Last night he went to Ruth’s but she wasn’t home, so he slept in a motel, waking in time to go to work, but “something” kept him away all day.
He tries to figure out what the “something” was, sure that it killed Rebecca.
He knew that part of it was wanting to see Ruth and waiting around all day for her.
But he’d eventually given up.
He realizes that he knew something wasn’t right at his apartment, but stayed away hoping he would find a way not to have to go back.
He knew it wasn’t Janice’s fault, but still felt like he was trapped in a life he didn’t want.
He tries to get rid of that feeling on the bus, but only succeeds in getting sick to his stomach. From the bus stop in Mt. Judge he goes to the Springers’ and knocks, and Mrs. Springer closes it when she sees it’s him. Soon Eccles lets him in and tells him Janice is sedated. When he asks about the baby, Eccles tells him: “The undertaker has her.”
Nelson comes and Rabbit holds him and listens to his son’s short, almost impassive recounting of the events.
Eccles suggests they go outside, and they do until Mr. Springer calls them to dinner.
Rabbit can’t eat and Mr. Springer tells him that he and his wife have been talking to Eccles.
They still think Rabbit is at fault, but that they have a share in it, too, having made Janice feel insecure all her life.
Mr. Springer tells Rabbit they want to let bygones be bygones and to just keep going.
Rabbit promises to do his part. Rabbit puts Nelson to bed and tells him he’s “a good boy.”
Nelson asks if the baby has died and Rabbit tells him she has, but that she is feeling good now.
He asks Mr. Springer if he should stay, and Mr. Springer tells him to come back in the morning.
They talk about Rabbit’s job at the lot (he isn’t fired) and then goes to the apartment.
The water is still in the tub and he drains it, amazed that God couldn’t have just pulled the plug like he did.
He goes to bed, thinking he won’t sleep, but he does for a bit, then wakes and rushes over to the Springers to try to see Janice, begging forgiveness all the way there.

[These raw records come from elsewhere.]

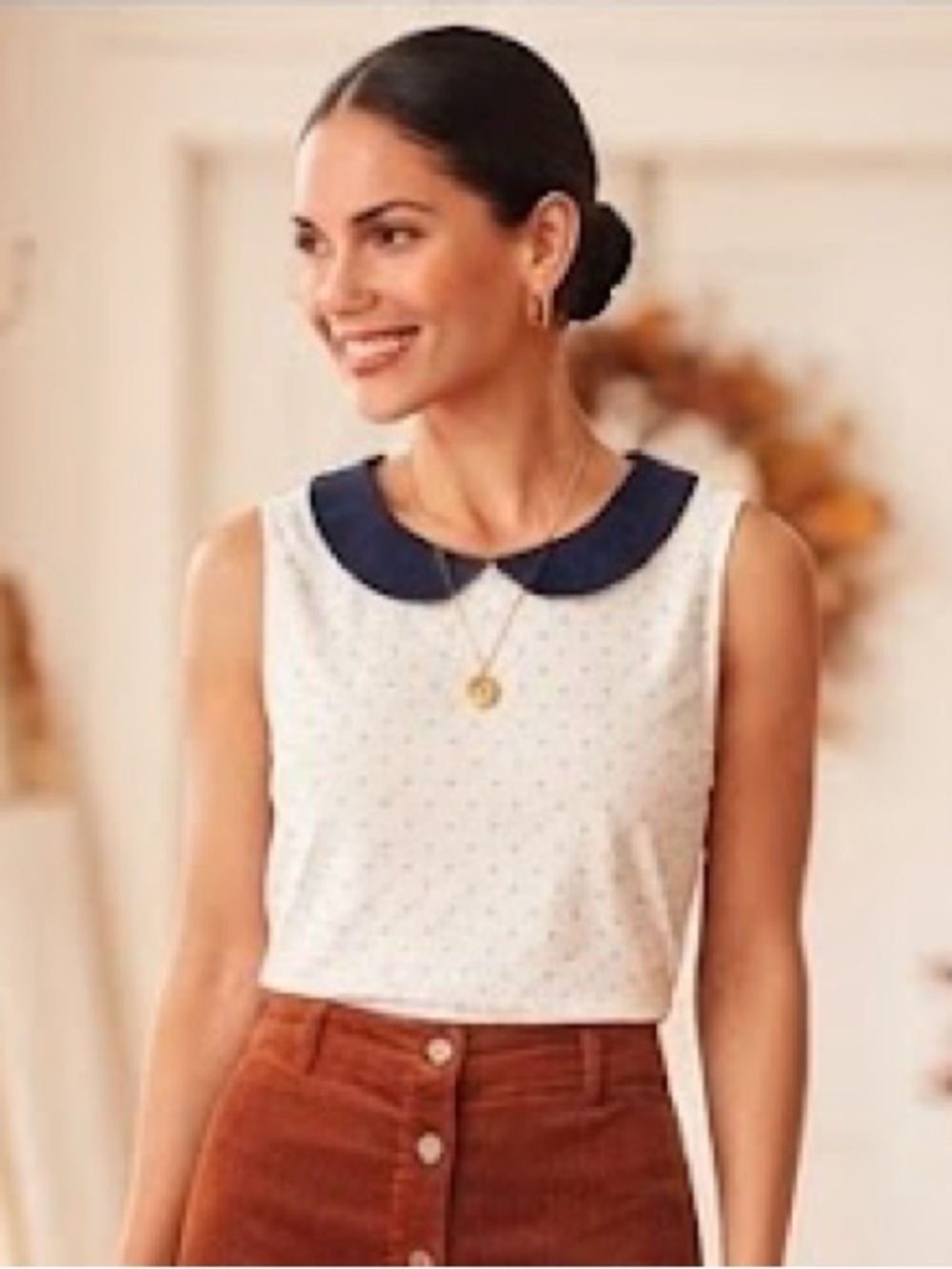 Merona - White +Black Sparkle Dot Sleeveless Top with Peter Pan Collar P2P:18’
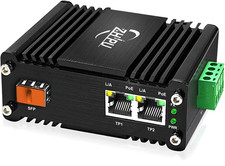 Mini Industrial SFP to 2-Port Gigabit Ethernet Media Converter with 30W PoE+ 12V picture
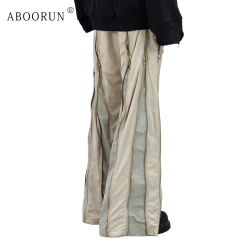 ABOORUN Men Functional Zippers Patchwork Pants Streetwear Archive Flared Trousers for Male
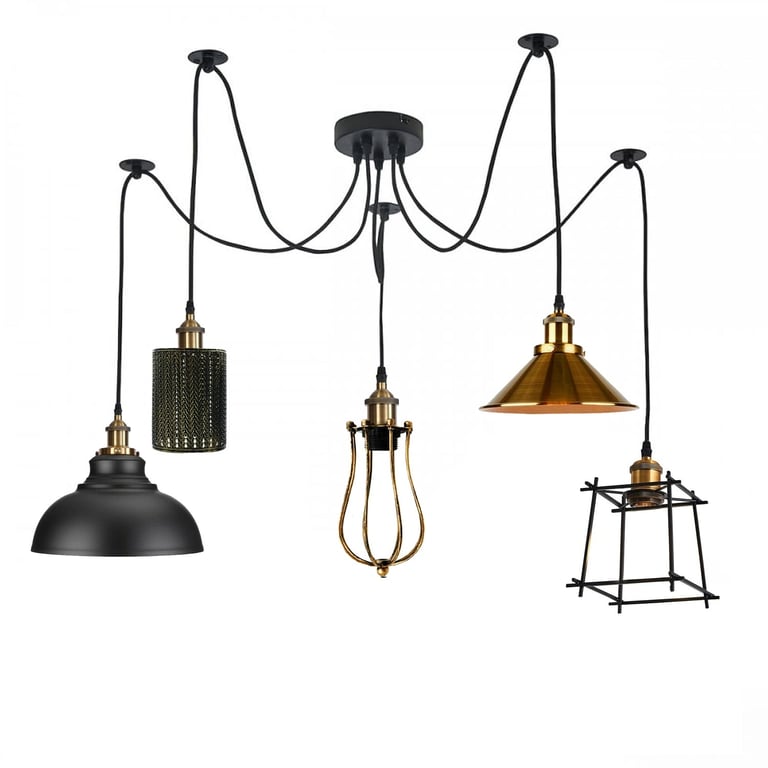 Vintage 5-Way Multi-Head Adjustable Hanging Ceiling Lights E27 Bulb Compatible Industrial Style Decorative Fixture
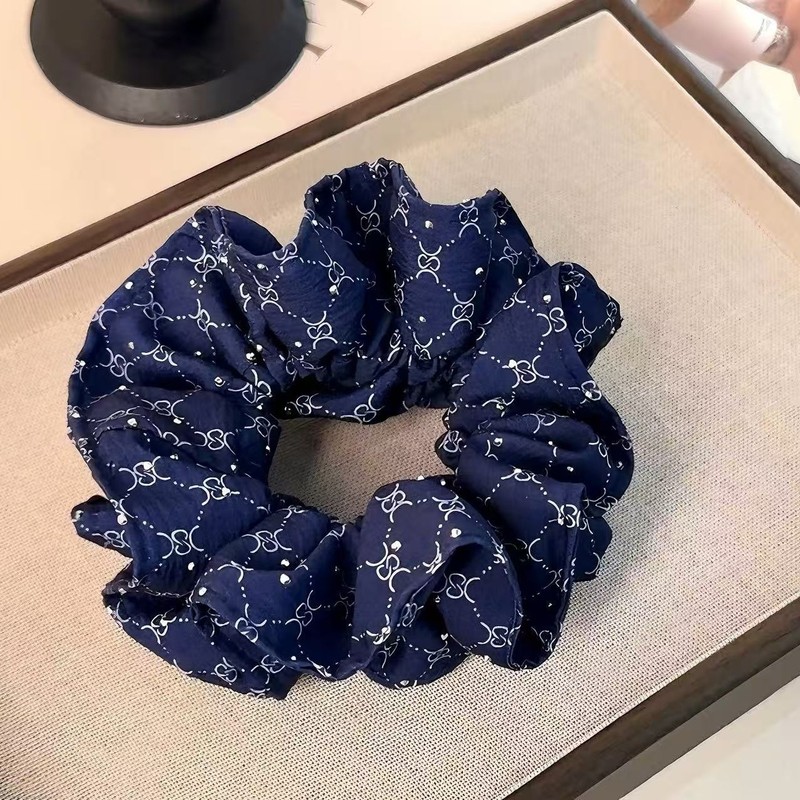 蓝色复古丹宁牛仔质感印花字母发绳洋气超大肠发圈马尾头花秋冬新|undefined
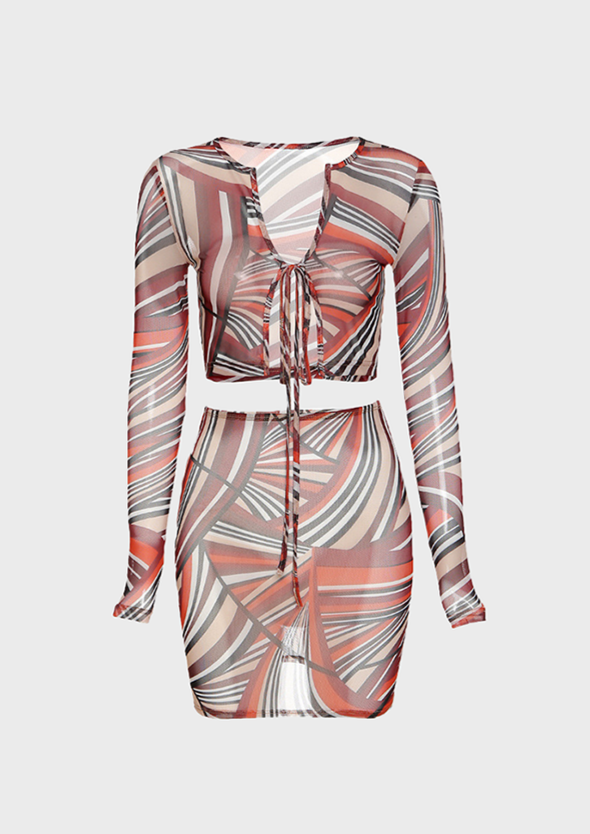 Two piece set beach dress Elastic Waist Above Knee, Mini V-Neck See through material Geometric mesh paisley two piece set Style of strip painting, light red and light brown# Vibrant colors Saturated stripes Chic illustrations Tie up front. Cherryonce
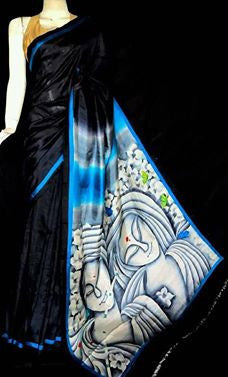 Black Pure Silk Mark Certified Murshidabad Silk Sarees - Dailybuyys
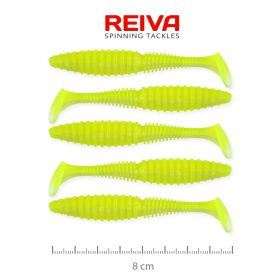 REIVA Zander Power Shad 8cm 5db/cs (Flash Lemonade)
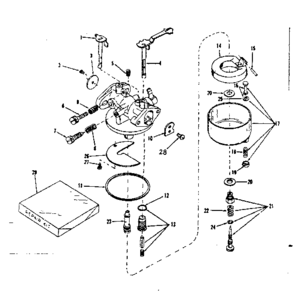 Carburetor Diagram and Parts List for 143526031  Craftsman Engine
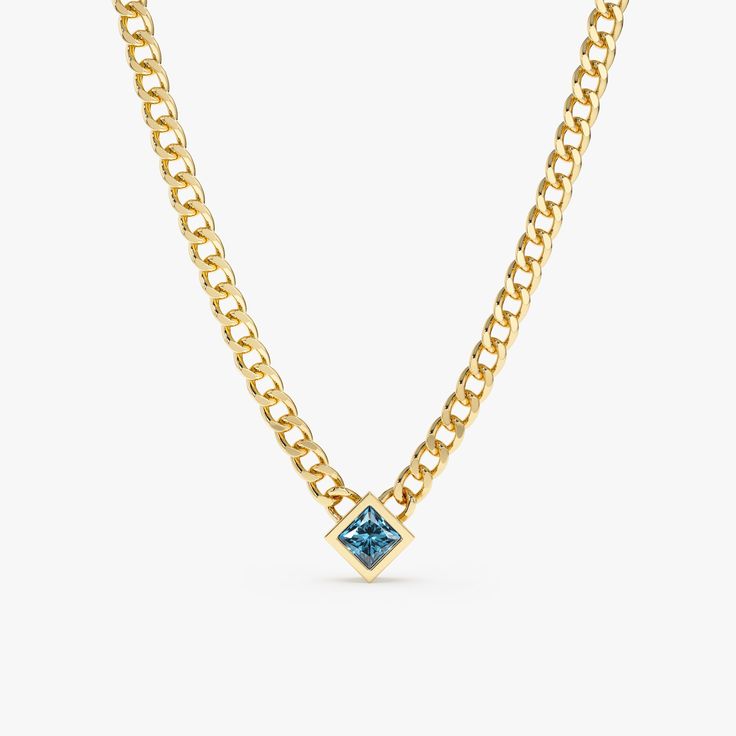 Embrace a fusion of elegance and boldness. A vibrant princess-cut blue topaz, reminiscent of clear tropical waters, compliments a solid 14k yellow gold (available in white or rose gold) Cuban Link chain. The contrast between the delicate gemstone and the bold, modern chain creates a captivating and unique style statement. - Handmade - Solid Gold - Natural Blue Topaz - The Dimension of the Links: 3 mm - Total Topaz Carat Weight: 0.45 ctw - The Dimension of the Setting: 5.4 mm 🛠 Your Sarah Elise piece is handcrafted with care! Ready-to-ship items go out within 3 business days. Made-to-order pieces typically take 7-10 business days to create. If you need something sooner, please contact us - we'll see if we can make it happen! For estimated shipping dates and tracking, check your Etsy accoun Luxury Topaz Birthstone Necklace, Memory Ring, London Topaz, Gold Cuban Link Chain, Cuban Chain Necklace, Blue Topaz Necklace, Initial Jewelry, Cuban Link Chain, December Birthstone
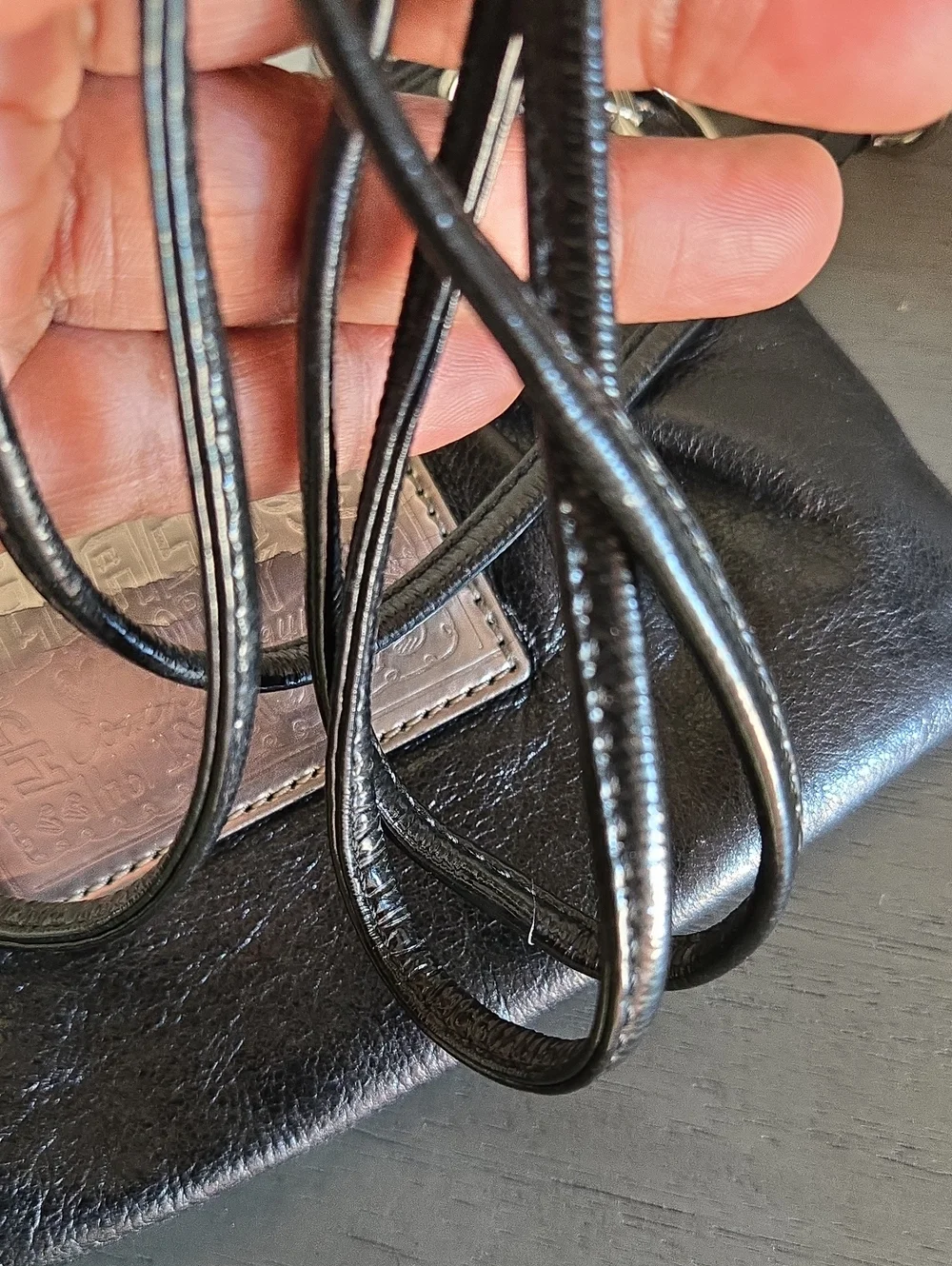 Black Leather Coach Poppy Crossbody/ Wristlet with Silver Hardware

Mrs. Springer gives him coffee and he goes to Janice.
She tells him she doesn’t want to see anyone but him, and he tells her he doesn’t blame her, only himself. He spends the day there, and Tothero comes to see him.
Tothero is in bad shape, and mostly wants reassurance from Rabbit that he told him what to do and that Rabbit didn’t listen to him.
It’s very awkward and Rabbit is glad to see him go. Later he talks to Eccles, and wants his advice.
Eccles advises him to be a good husband and father throughout his life, and that in this way he will find “forgiveness.”
He claims it’s his fault as much as Rabbit’s, and that as horrible as what happened is, it has brought Rabbit and Janice together.
This brings Rabbit some comfort, even though it doesn’t seem to jive with the reality of the world around him.